テスラ Model Sの体験

深セン見学会でお知り合いになれたshaoさんが主催するTESLA TEST DRIVE for GEEK(他の方のブログもこちら)に参加させていただき、半自動運転機能を持つテスラModel Sに、高須さん、okkakiiさんと共に乗り、運転もさせていただきました。

テスラという社名からニコラ・テスラを連想し、相当なぶっ飛びようを想像していましたが、乗っみた感覚としては初代プリウスよりも自然な操作感で、中央の巨大iPadもどきのような操作パネルが目を引くほかは、意外と普通の高級車に見えました。
また、静粛性や後部座席の心地よさならばトヨタの高級車の方が完成度高いとも思います。しかし、テスラへの印象はこの後どんどん書き換わりました。

 

急速充電スタンド

まず、お台場未来館の隣りにあるテスラ専用急速充電スタンドに向かい、30分ほど充電しました。充電操作は非常に簡単で、昔のアメリカのスタンドの給油機を連想させつつ未来感十分なデザインのスタンドのホースを緑に光る給電口に挿すだけです。説明も音も操作も不要です。そのプラグも直径3cm程度で、120kWのケーブルとしては最軽量の取り回しです。
充電の費用は車本体の代金に含まれているそうで、他に何も操作できるものはありません。でも、どの車にどれだけ充電したのかはきちんと把握できているそうです。この時は、見た目と充電スタンドへの配電の太さに驚きましたが、それ以上の感想はありませんでした。

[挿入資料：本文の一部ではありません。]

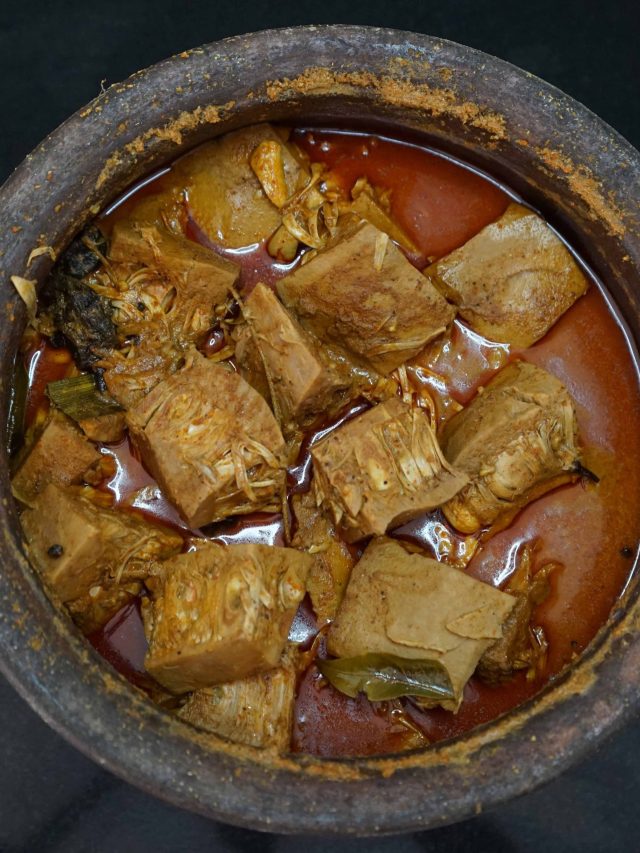 বাড়িতে আছে কাঁচা আম-এঁচোড়ও? বানিয়ে নিন ঠাকুরবাড়ির নতুন রেসিপি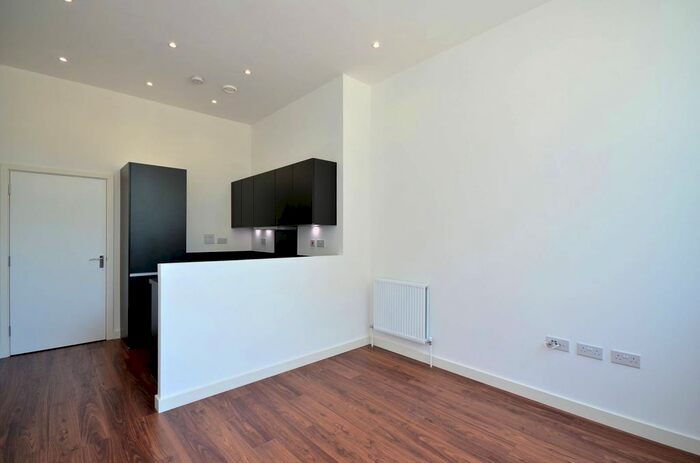 1 Bedroom Flat To Rent In Great West Quarter, Brentford, TW8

しかしその後、高速道路のサービスエリアにある日本製の充電スタンドに驚かされました。多分、東電NEC製のスタンドを見たのですが、テスラのカッコよさとは全く違うもっさりとした箱でした。ここで逆にテスラがなぜスタンドの給油機に似せたのか分かりました。
まあ、試作で社会実験のつもりだろうから仕方ないねと思って近づくと、液晶画面とタッチパネルが付いている上、説明書きの紙がペタペタ貼られています。ただ充電するだけのために、なぜこんなに注意書きが?とBADUIという語が頭をよぎります。直径8cmもあろうかという巨大コネクタに対応するため、テスラは変換ケーブルを用意しています。持ち上げるのも一苦労のコネクタにケーブルを介してテスラに繋ぎ、決済用の謎のフェリカカードをかざし、いよいよ充電が始まるかと思いきや、車が壊れていると宣うのです。しかもshaoさんによると、昔はこの状況で課金もされていたそうです。後ほど別の場所でも試しましたが、車のせいにはしなかったもののやはり充電できませんでした。日産がリーフのために自社でスタンドを整備するわけがわかりました。EVの普及が進まないわけです。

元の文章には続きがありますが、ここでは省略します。